# Swedish: difference between "skinn" and "hud"



## mimosa59

Hej!

Could anyone tell me what the difference is between "skinn" and "hud", if there is such a difference?

Tack!


----------



## In Search Of

Hi!
Generally, "skinn" is leather, or hide, and it is what shoes and bags can be made from. "hud" is the skin of a person. "Skin color" is "hudfarge", never "Skinnfarge"


----------



## mimosa59

Thanks a lot!


----------



## Elektrisk564

In Search Of said:


> Hi!
> Generally, "skinn" is leather, or hide, and it is what shoes and bags can be made from. "hud" is the skin of a person. "Skin color" is "hudfarge", never "Skinnfarge"



You're right, but there's a small error. "Skin color" is "hudfärg", not "hudfarge".


----------



## hanne

The word "skinn" can also be used with the meaning "hud" (here's a google search with a lot of references to such use).


----------



## Lars H

Hej!

This is a very good question and not all that easy to answer.

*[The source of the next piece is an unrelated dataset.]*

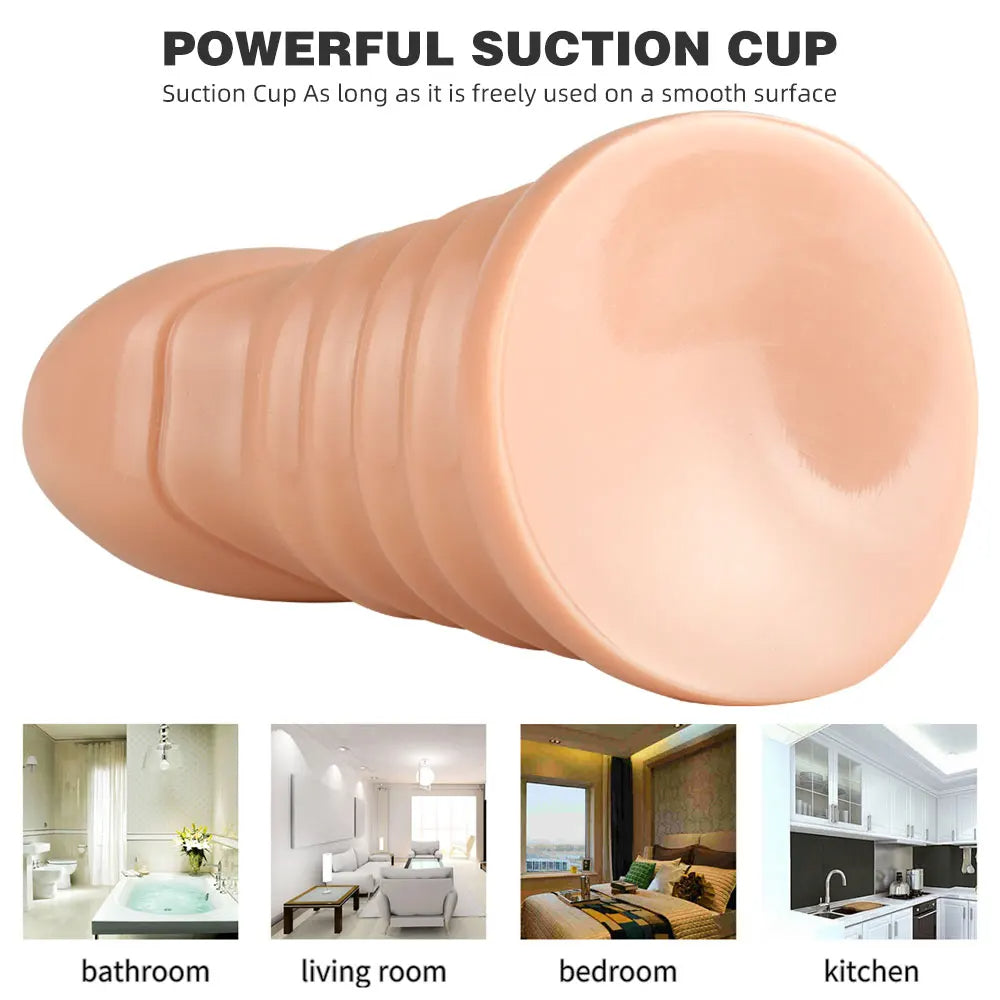 Großer Riesendildo-Buttplug – realistische Premium-Dildo-Sexspielzeuge aus Silikon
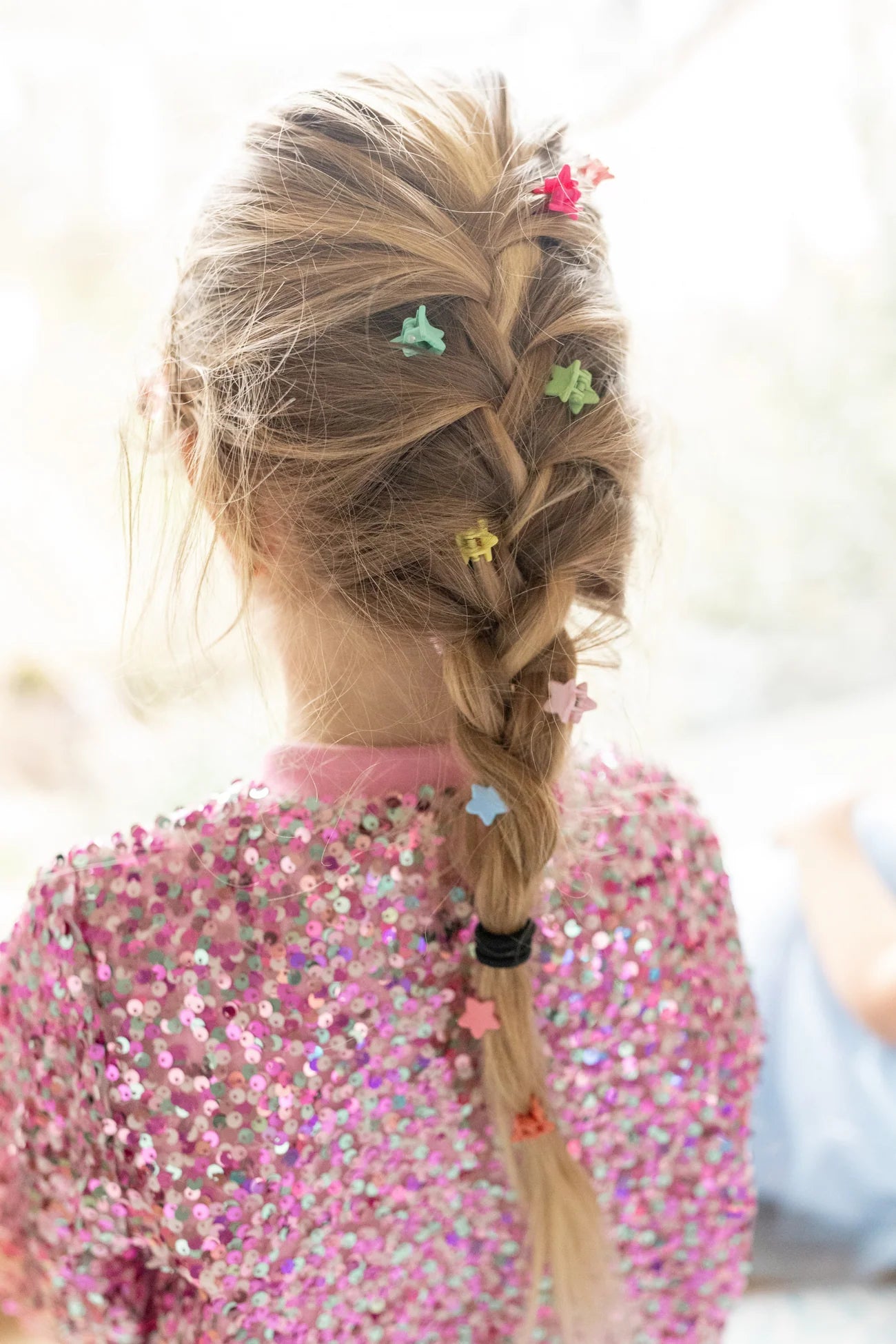 Rainbow Star Mini Hair Clips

I got this from Elof Hellquist, 1922:

" Medan sålunda hud urspr, betecknat den skyddande, kvarsittande huden,
synes däremot skinn äldst ha betytt ’den avflådda* el. dyl. - Hud brukades
förr ofta i uttr., där nu skinn användes.."

Originally "hud" was attached to the body, while "skinn" was what you got when you had skinned an animal. But the expressions have become a bit mixed up since then.

What covers reptiles, like snakes, crocodiles or lizards is always referred to as "skinn", regardless if it is still on the animal, if the entire skin of an animal is removed and in one piece or if you got for example a belt made out of this material. I would never say "ormhud".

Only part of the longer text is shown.